×
Community Blog Why Should Enterprises Have Multi-Active Applications?

Why Should Enterprises Have Multi-Active Applications?

This article explains why implementing a multi-active application disaster recovery architecture and organizational collaboration are becoming more important for cloud users.

_

More enterprises choose to build systems on the cloud because of the low cost and stability. The cloud has become a mainstream IT infrastructure. In recent years, open-source technology and cloud technology have maintained rapid development, and a wide variety of products and services have emerged. Technical support personnel have more decision-making power, and the speed of architectural change has been accelerating. In the process of high-speed growth, we should guard against human-made unreasonable failures and also pay attention to the impact of natural disasters. An inappropriate business interruption may result in serious brand, customer, and economic losses.

All cloud-based enterprises take the capacity building of disaster recovery systems as the most basic goal and ensure investment. Enterprises can only ensure long-term, stable, and high-speed development by ensuring key data is not lost and system services resume operation as soon as possible when a disaster occurs.

Common Disaster Failures

Failures are inevitable in the production practice of enterprises, affecting the stability of the system. Some failures recover quickly, and external users do not sense them. Some failures cannot be recovered for a long time, causing problems (such as external public opinion and capital loss), and may even lead to the bankruptcy of the company. There are generally the following types of failures:

  • Human operation errors, such as common configuration errors and application release failures
  • Hardware failure, such as network device failure, affects multiple servers in the computer room or cluster
  • Network attacks, such as DDoS and other network attacks
  • Network disconnection/power failure, such as the optical cable disconnecting
  • Natural disasters, such as power failures in computer rooms caused by lightning strikes

Under these disasters, it is often faced with the interruption of the public network, access gateway, computer room, and other facilities, which will cause business problems, such as traffic drop, website failure, and fault alarm.
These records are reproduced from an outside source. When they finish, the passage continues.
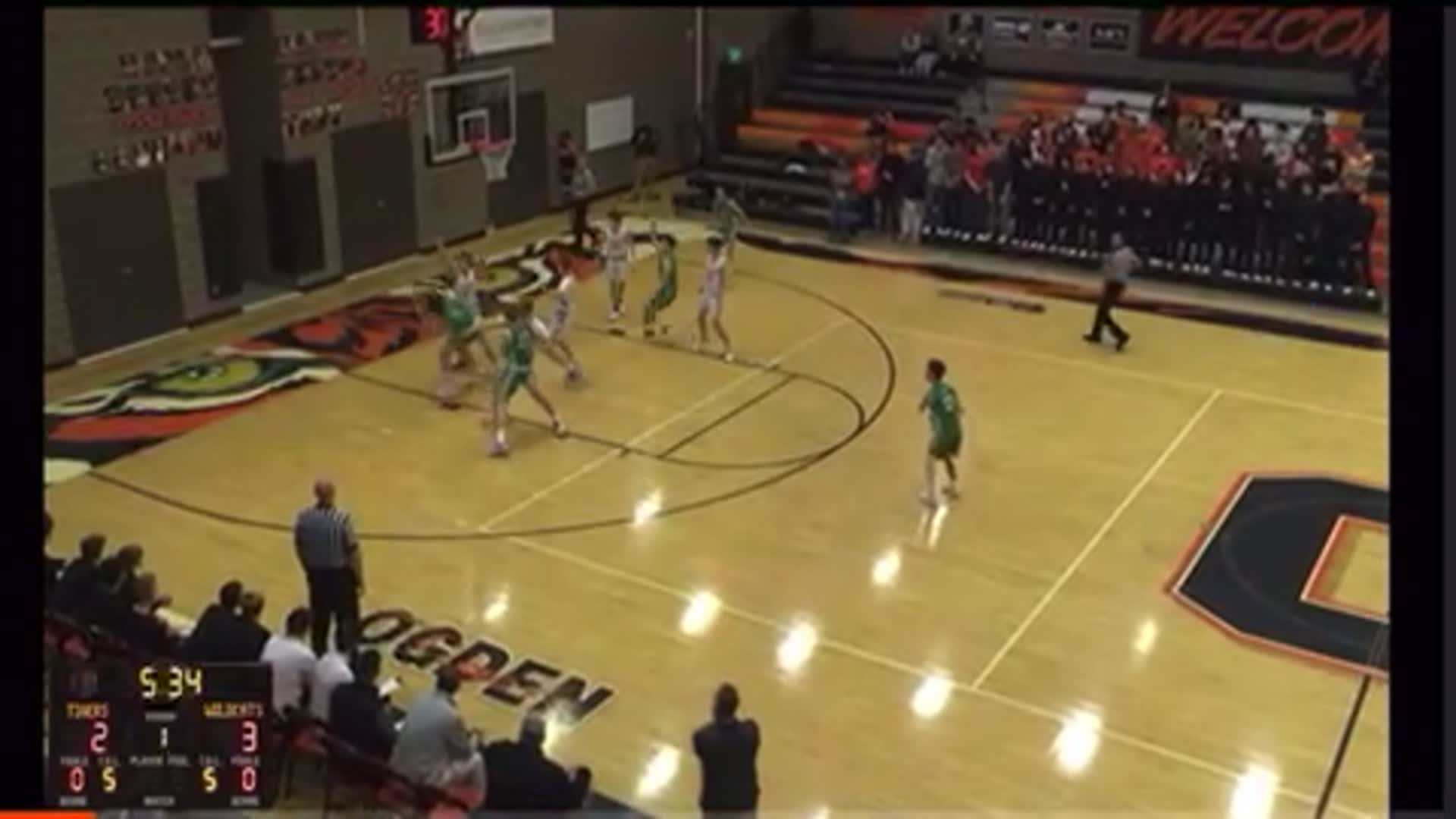 Basketball Recap: South Summit Now  9-1 over Last Ten Games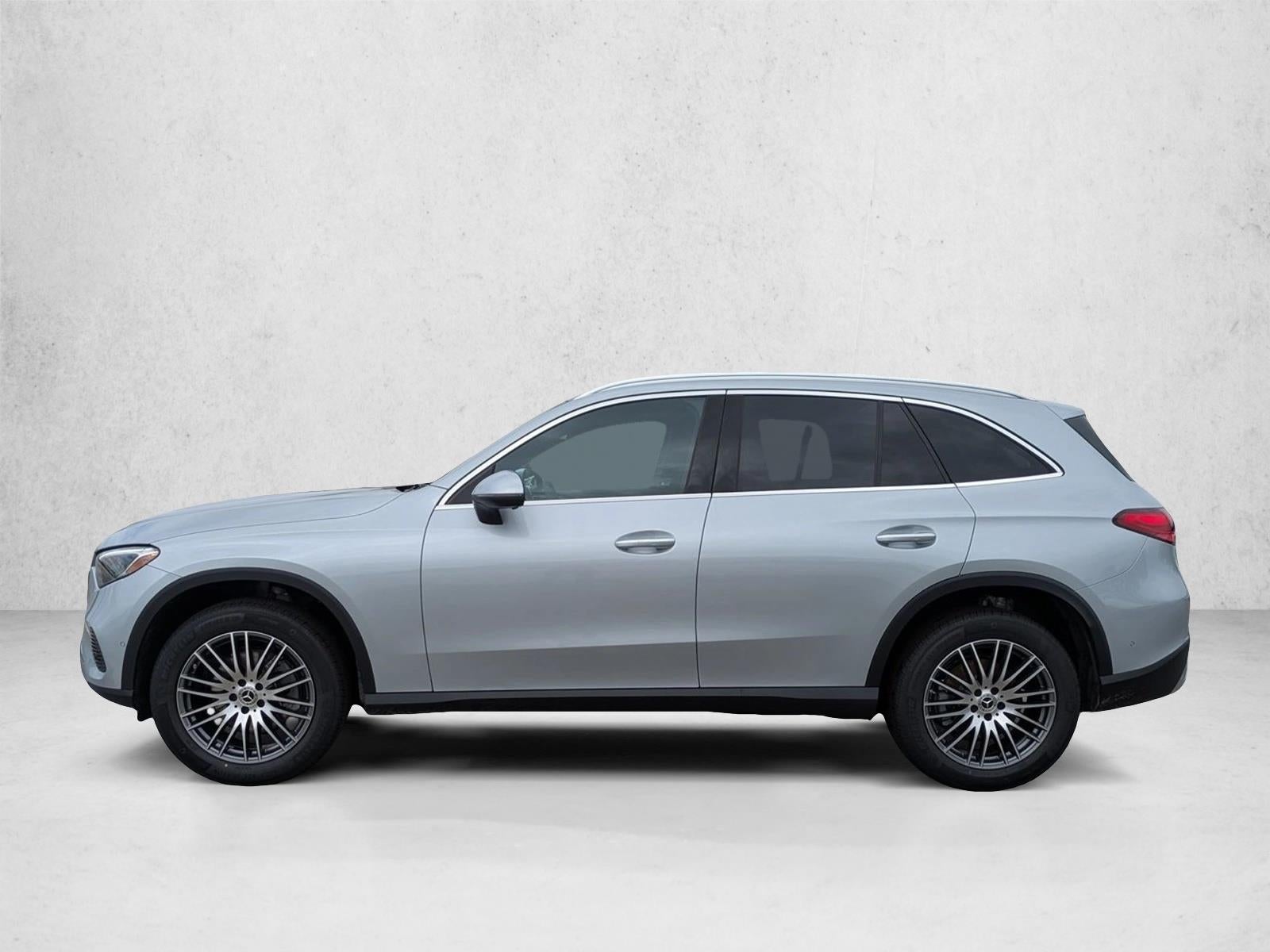 2026 Mercedes-Benz GLC GLC 300 SUV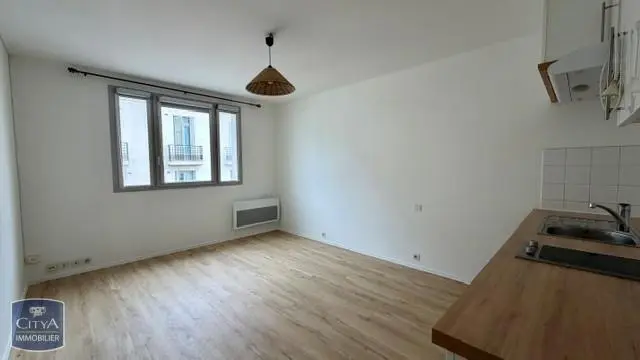 Photo 4 Appartement 1 pièce 22.32m²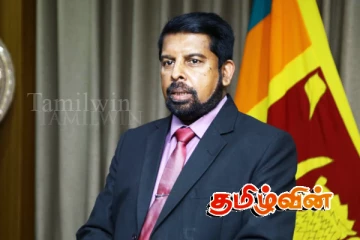 பேராசிரியர் பட்டம் வேண்டாம்: அமைச்சருக்கு சென்ற முக்கிய அறிவிப்பு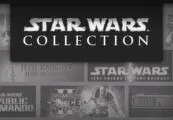 Star Wars Collection — Steam, Standard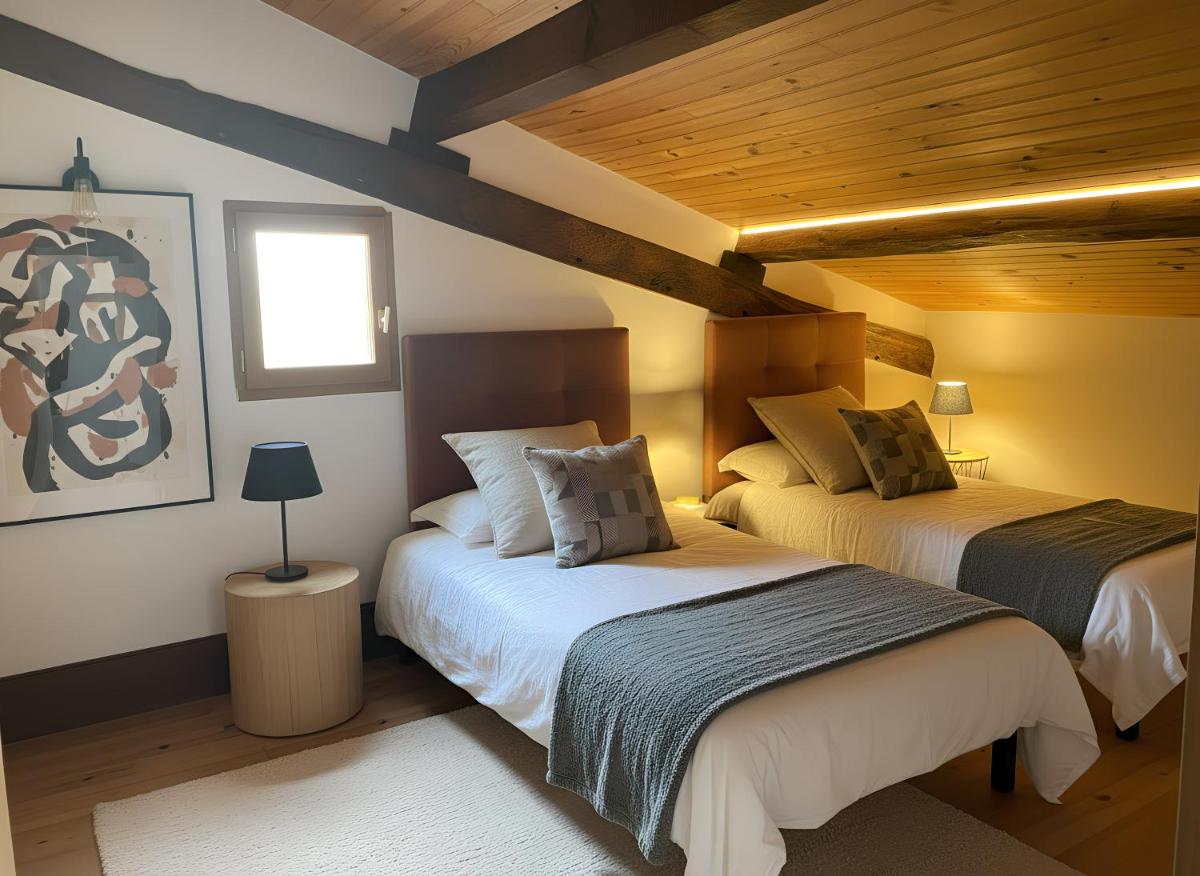 Domaine Bourgade - Housity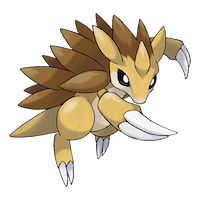 Sandslash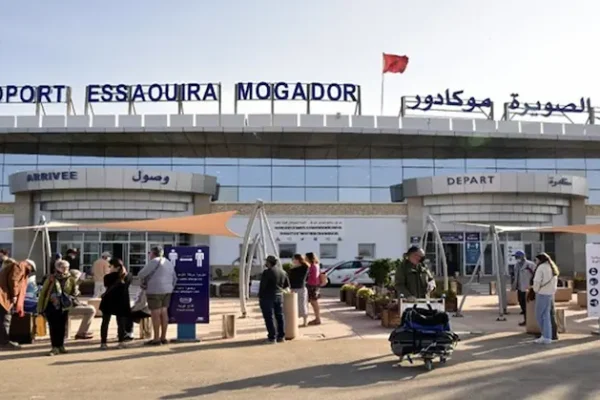 Marrakech Essaouira Shuttle Provide For You The Best Shuttle Service With Only 15€ Per Person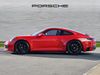 Porsche 911 Carrera (MY22)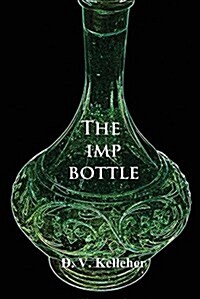 The Imp Bottle (Paperback)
Enterprises need to face the two major problems of business recovery and fault recovery. The best way is to decouple these two types of problems. In case of failure, they can quickly cut off the flow and prioritize business recovery. Perform fault location and repair on the premise of service recovery.

The Growth of Fault Escape Ability

Common fault location and recovery in the industry covers four steps: finding problems, locating problems, fixing problems, and business recovery. It fails to meet the requirements of business recovery and fault recovery decoupling processing. A better response is to upgrade these four-fault handling steps to the three fault handling steps of finding problems, cut stream, and business recovery. The cut stream is used to ensure rapid business recovery and shorten the recovery time from minutes or hours to minutes or seconds to improve the disaster recovery capability of the business.

We need to build higher-level disaster recovery architecture technologies to ensure the realization of fast flow cutting and effective flow cutting in real scenarios. We also need to enhance the collaboration of infrastructure, business systems, guarantee tools, production systems, and emergency personnel. The ability of multi-active disaster recovery can be realized through the collaboration between the structure and the organization.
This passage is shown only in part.